The title to the article seems like a bit of a c*ck-up.  The article itself reads to me like he desires a counter-philosophy to Adorno's to drive future creation of works of art, not that he's talking about composers needing philosophy per se.

If it comes about, then great.  I don't lose much sleep over this.

Preface this by saying I've never studied music and am just throwing out some thoughts, but was the sort of systematizing of Schoenberg and Adorno not an inevitable end-product of what was happening anyway?  The dissolving of tonality and harmony was happening long beforehand and without systems being drawn up.  Not to the same extreme level, but it was at least being disrupted and expanded, not least by Wagner, decades earlier.

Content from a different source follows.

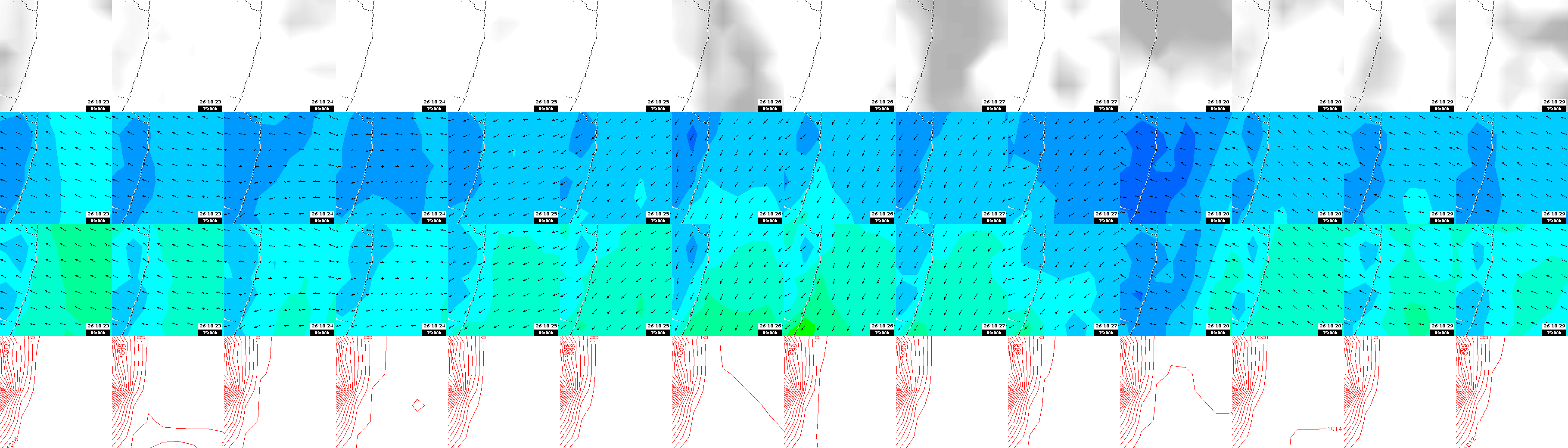 pressão atmosférica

In the same way, I'm not sure about his Siegfried analogy.  Seems to me like the old order was corrupt and breaking anyway.  I know we're talking in symbols here, but would Wotan's spear have been smashed so easily by Siegfried's sword if his treaties and authority (the old social contract) were not already weakened?  And wasn't Wotan, knowing all this, giving way to his heir?

Seems to me that this stuff (music) moves along with history.  Individualism, and a lack of belief in authority and the old order, goes hand in hand with the breakdown of the basis of music, its democratisation.  I don't think Scruton will get this new music unless society too changes in a fairly drastic way or music is created in accord with some new social foundation or institution.